Apesar de ainda ser uma realidade, Moisés Cardoso considera que o número de pessoas que cometem atitudes machistas é menor do que há alguns anos. A diferença é que essas atitudes têm mais repercussão do que antes, já que com as redes sociais permitem que os conteúdos alcancem um público maior do local onde ocorreram os casos de assédio.

"O meu grupo de amigos na infância, por exemplo, era machista. Mas se resumia ao bairro onde eu morava. Hoje se vê é um grupo menor de machistas, só que eles têm um megafone na mão. Esse comportamento, politicamente incorreto, tem uma repercussão maior que o da minha geração teve na infância. A mensagem é propagada numa dimensão que não tem fronteiras físicas" — analisa o especialista.

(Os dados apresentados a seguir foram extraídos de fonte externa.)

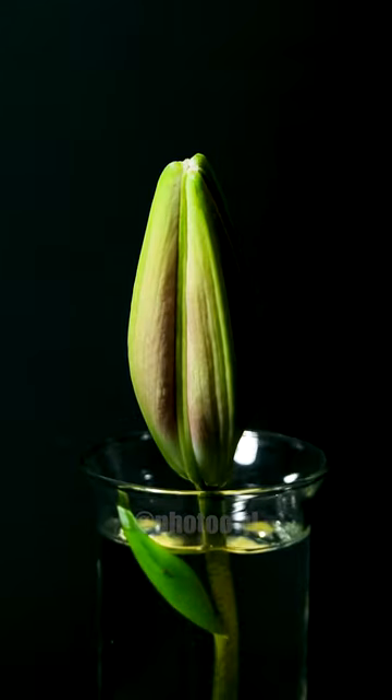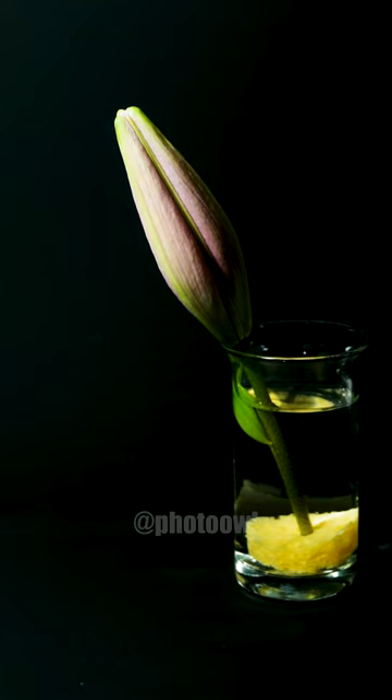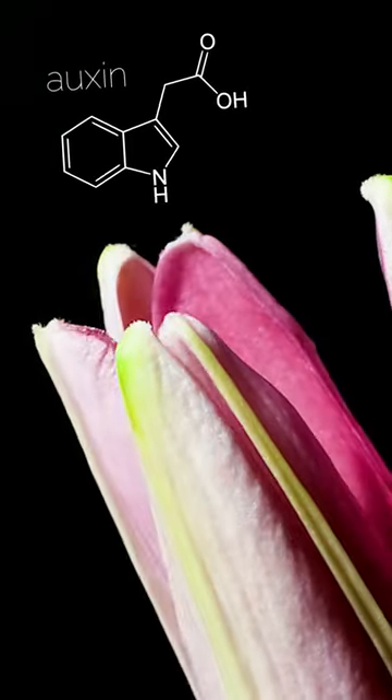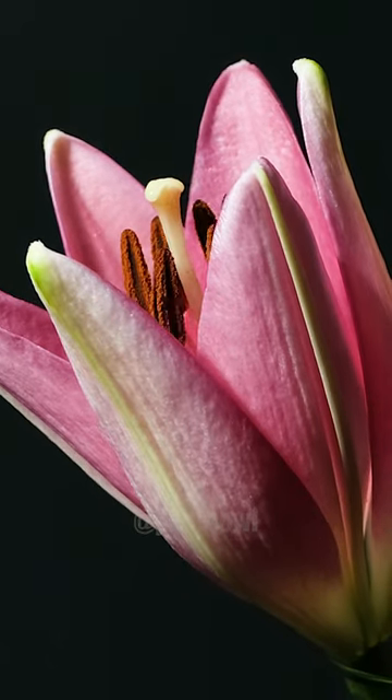Check out this young lily bud. As it grows, you'll see the pink color develop thanks to light, temperature, and the flower's genetics. The opening of the bud is helped along by a hormone called auxin, allowing the petals to expand and display the lily's reproductive structures, stamens and pistil.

Não é surpresa, portanto, que a mesma ferramenta usada para denegrir também pode contribuir com a punição desse tipo de usuário. Além disso, o assédio utilizado na forma de brincadeira não é algo novo, já que alguns antigos programas humorísticos realizaram diversas vezes "piadas" semelhantes com estrangeiros, principalmente envolvendo mulheres.

Na avaliação do especialista, o que ocorreu neste caso foi a propagação do vídeo em ritmo mais rápido por se tratar de uma "brincadeira" que já era conhecida por muitos. Isso pode explicar o motivo de algumas pessoas terem se divertido ao assistir o conteúdo, já que costumam consumir essa forma de humor.

"Qualquer homem com o mínimo de educação não replicaria esse tipo de conteúdo. Não deve ter mãe, irmã ou mulher na família. A gente não está falando da massa. Independente da conduta pessoal de cada um e sua vida particular, estamos falando de pessoas com grau de instrução. E mostram que não replicam em seu comportamento a instrução que tiveram" — analisa.

Por fim, o especialista levanta outra questão: a dificuldade de pessoas mais velhas se adaptarem a questões de privacidade na internet. Ele explica que os nativos digitais, pessoas de até 17 anos que nasceram com a popularização do computador e do celular, têm mais facilidade em restringir o conteúdo que compartilham. A situação não é a mesma dos migrantes, termo para quem nasceu em um cenário analógico e acompanhou o avanço da tecnologia.

"Se a gente pegar a média dos envolvidos naquele vídeo, eles não são nativos digitais, são migrantes. E muitas vezes a pessoa não funciona no automático, é diferente de alguns que já têm o comportamento condicionado por essa vigilância constante. Para os migrantes esse pensamento não sai de forma automática, eles precisam parar, pensar e depois seguir adiante, por isso acabam fazendo tantos erros hoje em dia. Ainda se tem o hábito de compartilhar primeiro e depois pensar nas consequências" — finaliza Moisés.